# '92 Max - Amp Install Question



## sanford7575 (May 23, 2006)

I just purchased an aftermarket CD/Cassette system with 4 new speakers of the way around as well as a 4ch amplifier, but I am unsure of a suitable spot to run the power wire for the amplifier which will live in the trunk. 
Does anyone know of a pre-existing hole for which to route the amp power wire from the (battery) in the engine bay? Did everyone that added an amp have to drill a hole through the firewall? If so, where did you drill? 
Anyone have any insight or suggestions? I am not new to radio installs, but this is my first amp install.


----------



## Matt93SE (Sep 17, 2003)

Pull the left side fender liner, and you'll see the grommet for the hood release cable.
it's big enough you can poke a second hole in it for a 4awg wire, but if you want to go any bigger than that, you'll need to drill another hole. 
the good news is, there's plenty of room in that area if you need to go bigger.
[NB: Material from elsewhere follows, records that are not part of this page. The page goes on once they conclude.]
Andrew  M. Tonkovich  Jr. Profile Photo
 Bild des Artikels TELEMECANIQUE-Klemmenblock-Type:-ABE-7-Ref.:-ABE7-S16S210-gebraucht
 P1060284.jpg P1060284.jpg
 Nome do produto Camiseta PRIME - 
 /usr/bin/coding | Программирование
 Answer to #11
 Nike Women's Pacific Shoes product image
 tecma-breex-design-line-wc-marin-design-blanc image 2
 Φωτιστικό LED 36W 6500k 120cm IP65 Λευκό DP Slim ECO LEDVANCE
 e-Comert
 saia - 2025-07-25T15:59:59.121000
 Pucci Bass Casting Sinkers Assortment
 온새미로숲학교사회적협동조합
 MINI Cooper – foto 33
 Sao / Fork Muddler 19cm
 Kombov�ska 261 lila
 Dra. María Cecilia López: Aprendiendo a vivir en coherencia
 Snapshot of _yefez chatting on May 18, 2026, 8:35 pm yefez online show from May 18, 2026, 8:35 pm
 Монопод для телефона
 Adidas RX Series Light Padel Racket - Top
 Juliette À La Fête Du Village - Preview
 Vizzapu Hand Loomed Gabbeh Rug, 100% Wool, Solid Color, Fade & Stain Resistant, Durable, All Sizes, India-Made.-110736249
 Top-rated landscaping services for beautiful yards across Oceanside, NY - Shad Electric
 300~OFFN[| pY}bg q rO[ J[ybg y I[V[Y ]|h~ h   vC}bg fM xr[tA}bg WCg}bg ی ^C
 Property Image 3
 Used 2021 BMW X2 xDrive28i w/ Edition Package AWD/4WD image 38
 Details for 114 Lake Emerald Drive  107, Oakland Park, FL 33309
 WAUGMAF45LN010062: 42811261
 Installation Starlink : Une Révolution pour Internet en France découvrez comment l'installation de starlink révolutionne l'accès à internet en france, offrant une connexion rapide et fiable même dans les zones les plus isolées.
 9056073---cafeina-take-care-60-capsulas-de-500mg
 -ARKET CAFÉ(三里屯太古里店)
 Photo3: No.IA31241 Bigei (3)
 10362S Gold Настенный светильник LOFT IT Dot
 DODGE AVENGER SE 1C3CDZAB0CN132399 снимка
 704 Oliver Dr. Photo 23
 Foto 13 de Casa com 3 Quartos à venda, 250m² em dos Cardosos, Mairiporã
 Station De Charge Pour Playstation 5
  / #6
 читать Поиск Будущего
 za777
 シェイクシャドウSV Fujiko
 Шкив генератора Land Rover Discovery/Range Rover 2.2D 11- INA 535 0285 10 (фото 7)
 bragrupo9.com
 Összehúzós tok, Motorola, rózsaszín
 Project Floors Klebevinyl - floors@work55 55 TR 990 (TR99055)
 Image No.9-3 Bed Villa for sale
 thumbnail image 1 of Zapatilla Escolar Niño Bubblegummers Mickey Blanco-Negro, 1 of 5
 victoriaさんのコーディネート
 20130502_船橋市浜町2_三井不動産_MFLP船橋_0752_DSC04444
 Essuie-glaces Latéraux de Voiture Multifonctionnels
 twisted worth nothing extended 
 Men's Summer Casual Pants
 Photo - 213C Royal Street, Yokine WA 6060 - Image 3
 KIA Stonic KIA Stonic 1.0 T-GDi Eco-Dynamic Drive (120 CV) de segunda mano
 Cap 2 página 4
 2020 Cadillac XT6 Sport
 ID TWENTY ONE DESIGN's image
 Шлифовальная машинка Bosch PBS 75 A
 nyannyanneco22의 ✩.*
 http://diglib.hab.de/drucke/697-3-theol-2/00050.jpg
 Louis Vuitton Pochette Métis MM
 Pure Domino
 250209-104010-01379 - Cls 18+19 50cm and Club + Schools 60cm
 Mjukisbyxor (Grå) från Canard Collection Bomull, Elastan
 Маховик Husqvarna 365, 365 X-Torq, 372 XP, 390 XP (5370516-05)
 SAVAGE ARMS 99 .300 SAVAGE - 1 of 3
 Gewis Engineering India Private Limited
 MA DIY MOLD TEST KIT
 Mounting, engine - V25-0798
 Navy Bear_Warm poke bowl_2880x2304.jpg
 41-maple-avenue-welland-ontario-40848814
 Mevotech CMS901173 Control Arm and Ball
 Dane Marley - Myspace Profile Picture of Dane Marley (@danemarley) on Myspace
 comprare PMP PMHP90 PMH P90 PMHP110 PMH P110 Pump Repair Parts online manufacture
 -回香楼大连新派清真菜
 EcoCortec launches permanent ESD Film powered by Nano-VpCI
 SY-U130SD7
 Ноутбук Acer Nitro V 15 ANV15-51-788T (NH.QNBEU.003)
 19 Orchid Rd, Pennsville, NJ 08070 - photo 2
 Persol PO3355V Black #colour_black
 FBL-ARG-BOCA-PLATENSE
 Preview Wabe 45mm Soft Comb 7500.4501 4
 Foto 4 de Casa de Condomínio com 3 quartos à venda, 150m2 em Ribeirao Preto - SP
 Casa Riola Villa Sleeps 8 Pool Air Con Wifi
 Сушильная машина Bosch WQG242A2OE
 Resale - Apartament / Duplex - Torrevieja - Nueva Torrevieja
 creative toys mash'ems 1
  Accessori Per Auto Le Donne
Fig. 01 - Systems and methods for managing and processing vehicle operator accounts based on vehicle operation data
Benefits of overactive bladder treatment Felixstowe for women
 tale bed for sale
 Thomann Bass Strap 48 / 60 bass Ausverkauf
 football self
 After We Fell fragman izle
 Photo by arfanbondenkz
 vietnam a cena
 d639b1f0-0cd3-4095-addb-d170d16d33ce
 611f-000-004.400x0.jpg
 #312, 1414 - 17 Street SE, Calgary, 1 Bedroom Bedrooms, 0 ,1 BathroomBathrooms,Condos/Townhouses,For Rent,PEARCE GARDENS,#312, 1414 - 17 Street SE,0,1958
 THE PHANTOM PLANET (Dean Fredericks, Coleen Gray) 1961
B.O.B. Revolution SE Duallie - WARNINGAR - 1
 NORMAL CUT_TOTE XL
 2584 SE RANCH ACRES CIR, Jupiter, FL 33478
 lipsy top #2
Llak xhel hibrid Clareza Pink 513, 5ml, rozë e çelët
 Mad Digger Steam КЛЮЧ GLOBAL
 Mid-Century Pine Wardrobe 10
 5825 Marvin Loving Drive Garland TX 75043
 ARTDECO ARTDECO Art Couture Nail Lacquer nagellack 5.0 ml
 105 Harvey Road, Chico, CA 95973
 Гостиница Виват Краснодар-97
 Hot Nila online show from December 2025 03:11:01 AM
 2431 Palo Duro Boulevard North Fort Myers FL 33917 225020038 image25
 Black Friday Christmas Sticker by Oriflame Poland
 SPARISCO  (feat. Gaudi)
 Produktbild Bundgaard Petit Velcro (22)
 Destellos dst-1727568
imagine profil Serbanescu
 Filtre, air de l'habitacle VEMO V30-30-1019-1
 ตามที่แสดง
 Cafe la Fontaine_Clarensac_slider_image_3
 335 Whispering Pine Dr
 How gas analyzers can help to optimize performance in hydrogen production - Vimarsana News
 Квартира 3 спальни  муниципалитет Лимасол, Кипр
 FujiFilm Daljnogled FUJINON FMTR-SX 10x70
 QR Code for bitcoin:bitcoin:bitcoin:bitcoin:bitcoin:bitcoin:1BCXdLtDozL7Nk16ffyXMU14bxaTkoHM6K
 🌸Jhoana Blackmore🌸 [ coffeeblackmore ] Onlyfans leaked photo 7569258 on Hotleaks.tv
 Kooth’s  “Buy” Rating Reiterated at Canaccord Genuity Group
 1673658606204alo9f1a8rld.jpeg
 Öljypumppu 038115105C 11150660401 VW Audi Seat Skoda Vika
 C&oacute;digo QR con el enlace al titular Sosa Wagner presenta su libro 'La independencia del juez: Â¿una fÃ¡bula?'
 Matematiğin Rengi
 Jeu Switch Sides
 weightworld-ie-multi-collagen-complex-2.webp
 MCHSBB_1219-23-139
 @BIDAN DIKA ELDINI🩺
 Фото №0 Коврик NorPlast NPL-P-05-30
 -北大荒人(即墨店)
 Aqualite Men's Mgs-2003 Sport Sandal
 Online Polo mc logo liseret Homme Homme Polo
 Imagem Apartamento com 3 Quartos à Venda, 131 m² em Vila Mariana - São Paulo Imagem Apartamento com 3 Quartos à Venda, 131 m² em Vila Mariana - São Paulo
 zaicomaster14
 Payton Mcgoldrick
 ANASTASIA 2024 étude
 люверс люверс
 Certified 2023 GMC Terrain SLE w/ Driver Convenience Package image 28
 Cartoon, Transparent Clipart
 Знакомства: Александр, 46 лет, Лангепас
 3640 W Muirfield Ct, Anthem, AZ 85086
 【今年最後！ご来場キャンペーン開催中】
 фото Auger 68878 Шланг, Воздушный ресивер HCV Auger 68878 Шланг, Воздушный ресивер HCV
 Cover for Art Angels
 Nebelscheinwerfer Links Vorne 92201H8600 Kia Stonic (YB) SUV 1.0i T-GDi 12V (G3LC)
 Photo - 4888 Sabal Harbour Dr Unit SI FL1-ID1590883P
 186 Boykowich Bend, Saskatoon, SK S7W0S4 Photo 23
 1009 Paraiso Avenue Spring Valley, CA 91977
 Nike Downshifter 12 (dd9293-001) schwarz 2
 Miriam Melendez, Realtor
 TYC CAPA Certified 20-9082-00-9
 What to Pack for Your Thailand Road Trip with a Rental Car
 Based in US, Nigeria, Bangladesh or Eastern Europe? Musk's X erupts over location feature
I've got a 1/0 cable through its own hole next to the same one for the hood release cable.


once you run the cable through the hole, you can run it next to the wiring harness inside the fender and then put the liner back in place. completely stealth.


----------



## sanford7575 (May 23, 2006)

Thanks!
I'll retry my install this weekend and let you know how it goes!


----------